Энрико имел рост 5 футов 9 дюймов (175 см) и весил 175 фунтов (79 кг). (Он был на полдюйма выше, чем я).
У него был кремовый цвет лица без румянца на щеках.
Волосы его были черными, жесткими и прямыми.
Он был плотного сложения, но не мускулист.
Его руки были большими и сильными, а ступни ног — широкими и короткими.
Он не мог бегать из-за дефекта ахиллесова сухожилия.
Он принимал ванну два раза в день.
В повседневной жизни он не применял пудры, только на сцене.
Он пользовался парфюмерией марки «Сагоп»; обходил все комнаты с пульверизатором, разбрызгивая духи.
После каждого спектакля он весил на три фунта (1.5 кг) меньше, чем до него.
В течение дня он никогда не отдыхал лежа.
Он не ездил верхом, не играл в гольф или теннис, не ходил много пешком и не занимался утренней гимнастикой.
Он никогда не учился управлять автомобилем.
Он не переедал.
Он никогда не съедал во время ланча 5 тарелок спагетти!
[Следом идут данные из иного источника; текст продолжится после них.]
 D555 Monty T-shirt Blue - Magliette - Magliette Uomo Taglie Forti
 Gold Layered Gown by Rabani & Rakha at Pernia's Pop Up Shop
Его ланч состоял из овощного супа с цыплячьим мясом и салата.
С любым блюдом он ел хлеб, но только корки.
Он не брал в рот шоколада и шоколадных конфет.
Он любил мороженое, особенно крем-брюле.
Любой зелени он предпочитал укроп.
Он не пил пиво, виски, молоко и чай, но выпивал в день 2-3 бутылки минеральной воды. Иногда он пил немного вина.
Он никогда не жевал жевательную резинку.
Он выкуривал в день две пачки египетских сигарет (всегда с мундштуком).
Он любил детей и собак.
В городе он не держал домашних животных.
На вилле в Синье ни одна птица не сидела в клетке.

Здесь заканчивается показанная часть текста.